Cycle (cyc) is a gene in Drosophila melanogaster that encodes the CYCLE protein (CYC). The Cycle gene (cyc) is expressed in a variety of cell types in a circadian manner. It is involved in controlling both the sleep-wake cycle and circadian regulation of gene expression by promoting transcription in a negative feedback mechanism. The cyc gene is located on the left arm of chromosome 3 and codes for a transcription factor containing a basic helix–loop–helix (bHLH) domain and a PAS domain. The 2.17 kb cyc gene is divided into 5 coding exons totaling 1,625 base pairs which code for 413 aminos acid residues. Currently 19 alleles are known for cyc . Orthologs performing the same function in other species include basic helix-loop-helix ARNT-like protein 1 (ARNTL) and Aryl hydrocarbon receptor nuclear translocator-like 2 (ARNTL2).

== Function ==

Cycle is primarily known for its role in the genetic transcription-translation feedback loop that generates circadian rhythms in Drosophila. In the cell nucleus, the CYCLE protein (CYC) forms a heterodimer with a second bHLH-PAS protein, CLOCK (CLK). This CYC-CLK protein complex binds to E-box elements in promoter regions of the genes period and timeless, functioning as a transcription factor in the translation of the proteins PER and TIM. After the PER and TIM proteins accumulate in the cytoplasm and bind together, the PER-TIM complex translocates to the nucleus. The TIM protein in these complexes mediate the accumulation of the dimeric PER-TIM protein complex and their subsequent importation into the nucleus, where the PER protein in these complexes then mediates the release of CYC-CLK from the chromatin, repressing CYC-CLK dependent transcription. Thus, CLK and CYC act as positive factors and PER and TIM as negative factors. CYC also plays a role in the post-translational regulation of CLK in the cytoplasm. These four proteins of the feedback loop are later degraded by a casein kinase-mediated phosphorylation cycle, allowing fluctuations in gene expression according to environmental cues. This cycle is called the transcription-translation feedback loop as demonstrated in this video by the Howard Hughes Medical Institution. Though cyc is a clock gene and plays a role in setting and keeping rhythms, cyc is expressed constitutively (continuously) in Drosophila cells and is present in native Drosophila tissue culture cells, unlike clk, per, or tim. Regulation thus occurs primarily through the negative feedback by the PER-TIM protein complex in the transcription-translation feedback loop described above.
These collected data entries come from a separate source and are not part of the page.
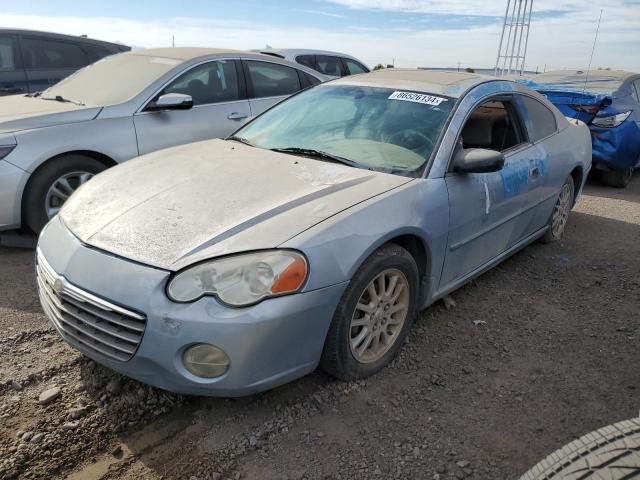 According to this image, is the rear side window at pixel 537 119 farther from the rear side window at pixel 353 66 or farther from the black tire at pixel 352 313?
the rear side window at pixel 353 66

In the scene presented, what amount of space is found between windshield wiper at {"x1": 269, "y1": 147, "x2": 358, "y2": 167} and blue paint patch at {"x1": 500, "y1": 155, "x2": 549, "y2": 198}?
1058mm

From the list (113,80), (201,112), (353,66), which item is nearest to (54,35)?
(113,80)

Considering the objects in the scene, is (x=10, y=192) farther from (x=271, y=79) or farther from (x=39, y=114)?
(x=271, y=79)

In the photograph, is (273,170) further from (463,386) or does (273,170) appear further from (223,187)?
(463,386)

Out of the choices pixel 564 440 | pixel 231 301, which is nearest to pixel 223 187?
pixel 231 301

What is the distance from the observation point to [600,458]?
5.08 ft

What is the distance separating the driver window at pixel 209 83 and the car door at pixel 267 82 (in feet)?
0.57

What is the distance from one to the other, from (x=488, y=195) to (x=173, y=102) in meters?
2.65

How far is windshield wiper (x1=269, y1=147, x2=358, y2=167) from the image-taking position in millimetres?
2965

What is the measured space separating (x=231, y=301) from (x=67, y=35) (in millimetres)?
6136

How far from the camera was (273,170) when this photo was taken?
2.87 m

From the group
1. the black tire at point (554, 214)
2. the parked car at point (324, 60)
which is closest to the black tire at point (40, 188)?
the black tire at point (554, 214)

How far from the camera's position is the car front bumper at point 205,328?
2039 mm

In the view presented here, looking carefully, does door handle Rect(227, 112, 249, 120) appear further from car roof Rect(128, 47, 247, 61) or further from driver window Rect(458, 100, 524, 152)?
driver window Rect(458, 100, 524, 152)
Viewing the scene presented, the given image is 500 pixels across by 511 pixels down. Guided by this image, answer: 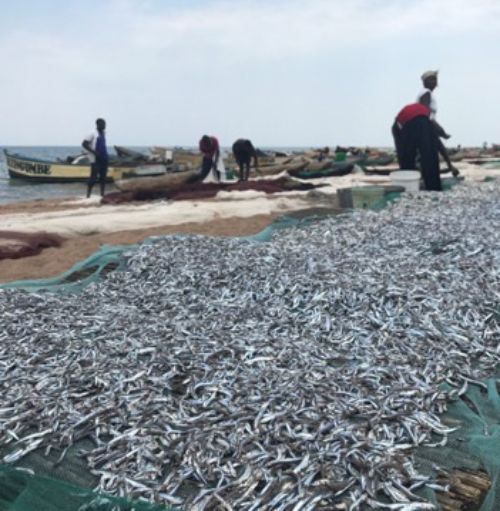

The CYC-CLK also interacts with the Clockwork Orange (CWO) protein in such a way that increases the robustness in the generation of high amplitude oscillations. CWO is a transcriptional repressor and antagonistic competition between CYC-CLK and CWO lead to control of E-box mediated transcription. Some findings suggest that CWO preferentially aids in the termination of CYC-CLK mediated transcription during late night.

Cyc is involved with the genetic basis of other behaviors that relate to circadian processes, such as sleep, which is important for survival, as sleep deprivation can cause death in Drosophila. There is significant correlation between having functioning cyc and longevity. Though the exact mechanism of this correlation is not known, it is suspected that it is due primarily to cyc playing a role in regulating expression of heat-shock genes, which in turn play a role in regulating duration and quality of sleep. Without proper regulation of sleep, Drosophila may become sleep deprived and die. In male Drosophila, three strains were bred, one containing no copies of functioning cyc, one containing one copy of functioning cyc, and one containing two copies of functioning cyc (wild-type). On average, Drosophila with no copies died after 48 days, Drosophila with one copy died after 52 days, and Drosophila with two copies died after 60 days. The premature deaths are accounted for by poor sleep in the absence of two functioning cyc. This effect, however, did display gender dimorphism, as female Drosophila showed no significant shortening in life span even when their cyc was knocked out. This suggests female Drosophila may have other mechanisms to compensate for a lack of cyc that male Drosophila do not possess. However, to fully understand these processes, work must be done to identify downstream interactions of CYCLE proteins. In addition, similar findings have been found in mice deficient in BMAL1, the mammalian ortholog of CYC, but without the sexual dimorphism exhibited by drosophila.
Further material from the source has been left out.